Two Takeaways from Stephen King's On Writing

by phil on Sunday Apr 5, 2009 3:17 PM
mainfeed

I'm re-discovering Stephen King's On Writing. I had previously ignored it because in the Amazon excerpts, you start from the first half of the book, which is just a biography. The second half is where the fun is, where he talks about his philosophy of writing. I've just started the book, but I've already taken two good takeaways:

Read what you want to write - Stephen King would count himself a believer in the idea that you can't be a good writer if you're not a good reader. I wasn't sure about this before, but his vote plus my own personal experience seems to corroborate that. When I read lots of fiction, fiction-writing seems to spring out of me. When I read a piece in the New Yorker, I want to write something non-fiction (like how I just read a New Yorker article 10 minutes ago). It makes sense. Wrapping yourself in reading switches your brain into participating in the conversation of that kind of medium.

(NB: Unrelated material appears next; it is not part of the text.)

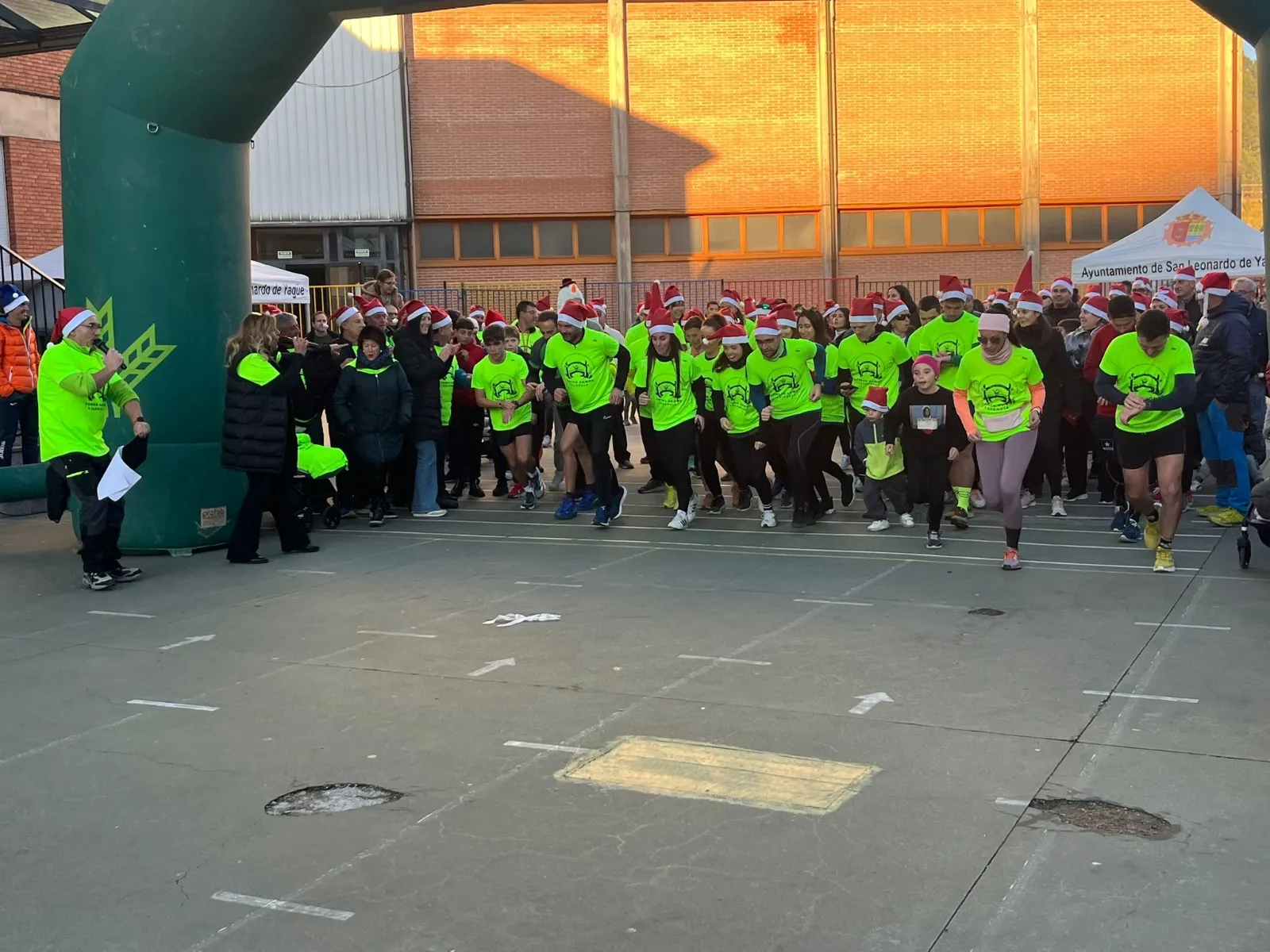 Foto 2 - San Leonardo celebra su II San Silvestre Solidaria con gran participaci&oacute;n de los vecinos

You can't make bad writers good. And you can't make good writers great. But you can make competent writers good - I think that's some cold, but straight talk. You can't pretend talent isn't a major factor. At the same time, you can't be hopeless and think you won't ever reach a point where you get be publishable. I sometimes measure myself by the standards of the greats, thinking, "Well, my work isn't nowhere near as good as Gladwell, I'll never become a writer," and then I slump in my chair.

I'm only partially through the actual On Writing section, but I want to read the rest of it.

Comments

MoirSolace said on April 5, 2009 6:14 PM:

...weird, i just started reading this book last week. its really good, even the first half.